Most Scottish convicts were petty thieves or otherwise guilty of minor offences. They were, for the most part, drawn from Scotland’s industrialised urban centres and many had lived in poverty and squalor. The majority were young, single men in their twenties; a notable proportion were literate, and most were skilled or semi-skilled.
Scottish workers who had arrived as convicts were eventually found utilising the abilities recorded on their indents; they were even able to appeal to authorities if their assigned work was not appropriate to their occupational background. Those who had fulfilled their sentence became known as ‘emancipists’, and many stayed in Australia, settling across the colonies and becoming landowners, labourers, tradesmen, artisans, businesspeople, and even public servants.
Though there were very few Scottish convicts, a number of lively stories have emerged from their ranks. Perhaps most interesting are two groups of Scottish political prisoners – quite unlike the majority of convicts – transported to Australia in the late 1700s and the early 1800s: the ‘Scottish Martyrs’, and the ‘Scottish Radicals’.
The five Scottish Martyrs were Thomas Muir, political leader and lawyer; Thomas Palmer, a Unitarian minister; William Skirving, the secretary of the Edinburgh Friends of the People Society; Joseph Gerrald; and Maurice Margarot. They were arrested in 1793 as a result of their advocacy for political and economic reforms that were ostensibly inspired by the French Revolution.
Muir was notoriously radical. Idealistic and well educated, he associated himself with proponents of parliamentary and constitutional reform in the wake of the revolution in France. Muir was vice-president of the Glasgow Associated Friends of the Constitution and of the People, and at a 1792 convention of the Scottish Societies of the Friends of the People in Edinburgh, he read an inflammatory address from the United Irishmen of Dublin and allegedly distributed a subversive pamphlet by the revolutionary political activist, Thomas Paine.
Arrested in January 1793 but released on bail, Muir then travelled to Paris with the lofty goal of saving the life of Louis XVI, who was awaiting execution. When Muir failed to return for his trial in Edinburgh he was declared an outlaw.
The Martyrs were eventually tried for sedition in Edinburgh and handed a sentence of transportation to New South Wales for fourteen years. The severity of the sentence provoked outcry among sympathisers, and a number of influential parliamentarians attempted to intervene. Nevertheless, Henry Dundas, the Home Secretary, was determined to make an example of the group who became known as the Scottish Martyrs.
Four of the political prisoners died as an indirect result of their punishment. Muir escaped on an American ship but died later in France, Palmer died on the voyage back to England, while Skirving and Gerrald died in Sydney. Margarot returned to Scotland. The Scottish Martyrs were immortalised quite covertly by Robert Burns, who wrote his famous ‘Scots Wha Hae’ in response to the trial of Thomas Muir.

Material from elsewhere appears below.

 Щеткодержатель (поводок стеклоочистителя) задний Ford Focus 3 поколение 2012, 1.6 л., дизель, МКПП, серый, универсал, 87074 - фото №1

Lesser known than the Martyrs are the convicts transported to Australia in the aftermath of Scotland’s so-called ‘Radical War’. During a week of industrial strikes and unrest in 1820, Scottish radicals, inspired by the French and American Revolutions, advocated for reform along the same lines advocated for by Thomas Muir, the other Martyrs, and the Friends Of The People societies that formed in Scotland during the 1790s.
On the background of the social and economic disruptions of the Agrarian and Industrial Revolutions, and in the wake of even more social upheaval at the end of the Napoleonic wars, workers marched in various parts of Scotland in April of 1820. Business and landowners recruited militia to protect their interests, while the government attempted to infiltrate unions and other organisations with it spies and agents.

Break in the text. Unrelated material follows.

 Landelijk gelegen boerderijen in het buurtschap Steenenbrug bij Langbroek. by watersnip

The uprising was quickly put down; actual fighting between radicals and soldiers was brief and sporadic. Nonetheless, some 88 men across Scotland were charged with treason. James Wilson, Andrew Hardie, and John Baird – prominent leaders in the radical moment – were publically executed. Nineteen others were transported to Australia, and would become known as the Scottish Radicals.
One transportee, James Clelland, would have been executed if it were not for the intervention of the Reverend George Wright, a relative. Another radical was Allan Murchie, whose father successfully requested that Allan’s fiancée, a chest of tools, and a collection of books accompany him. John Ebenezer acted as a schoolmaster in New South Wales until his death in 1865, while Thomas McCulloch and John McMillan both made modest contributions to the colonies as businessmen and craftsmen.
Around half of the Radicals transported were weavers, who were also well represented in the uprising in Scotland. Most were skilled workers, literate, and Presbyterian. The Scottish Radicals of 1820 were considered respectable settlers, unlike most other Scottish convicts. They received a full pardon in August 1835.
While most Scottish convicts were transported for petty crimes, driven by poverty and destitution, they also formed a remarkable pool of skilled and semi-skilled workers. There were very few of them in comparison with English and Irish convicts, but some colourful and exciting stories have emerged, including those of the Scottish Martyrs and the Scottish Radicals.